(DATA TO PROCESS)
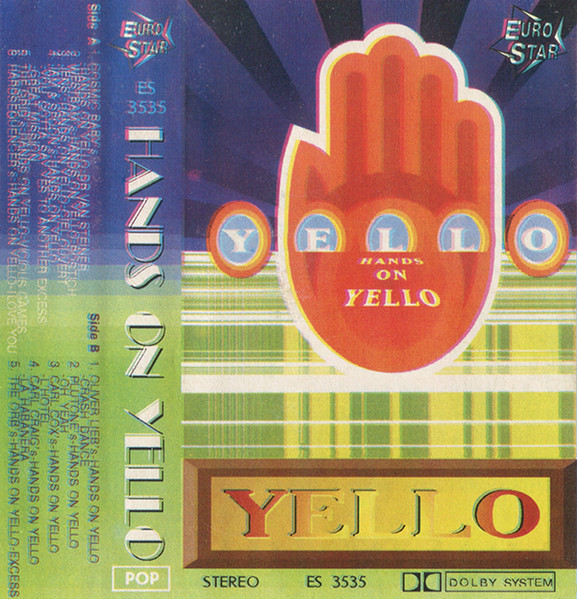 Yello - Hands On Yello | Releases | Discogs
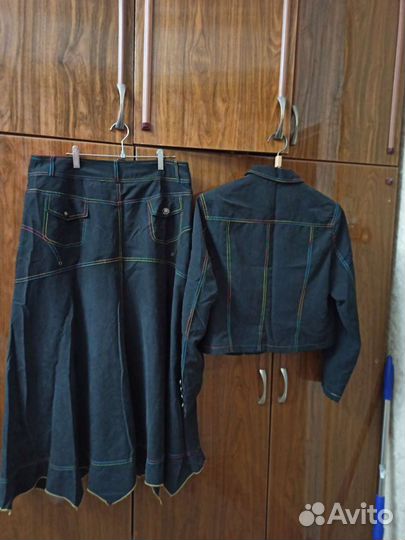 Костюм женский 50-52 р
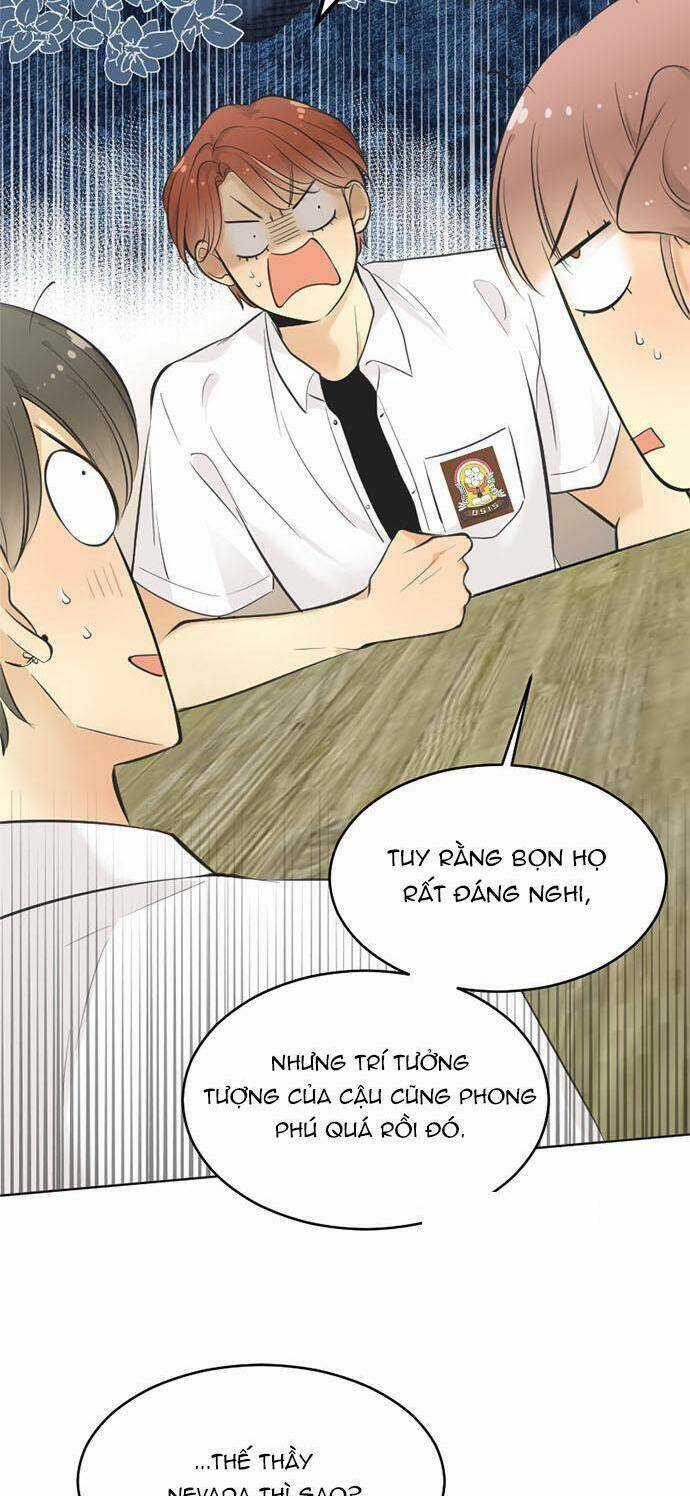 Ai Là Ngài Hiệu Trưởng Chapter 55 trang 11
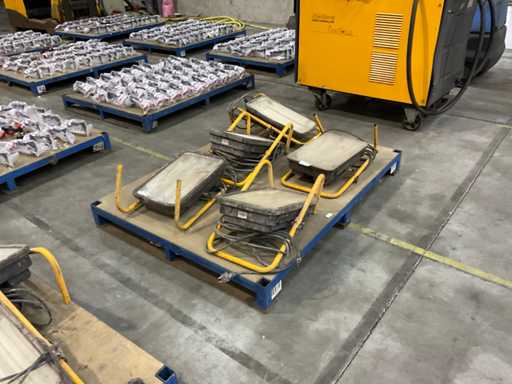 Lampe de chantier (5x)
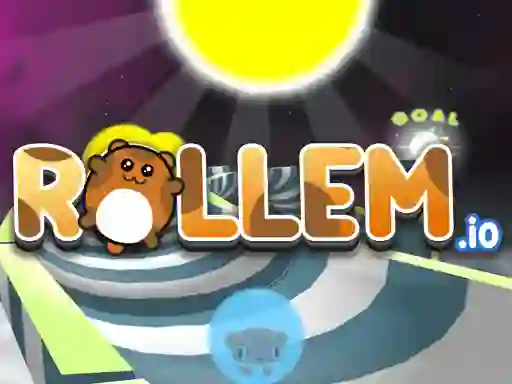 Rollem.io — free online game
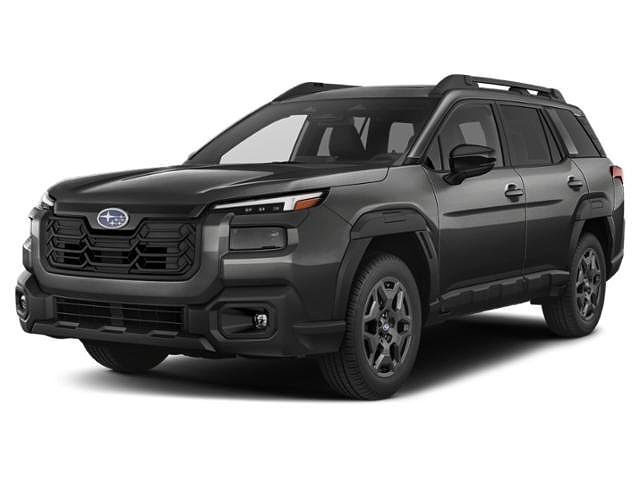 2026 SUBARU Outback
(End DATA TO PROCESS)
WORK INSTRUCTIONS:
Could you transcribe all of the data exactly and omit the pictures?

YOUR RESPONSE:
 Yello - Hands On Yello | Releases | Discogs
 Костюм женский 50-52 р
 Ai Là Ngài Hiệu Trưởng Chapter 55 trang 11
 Lampe de chantier (5x)
 Rollem.io — free online game
 2026 SUBARU Outback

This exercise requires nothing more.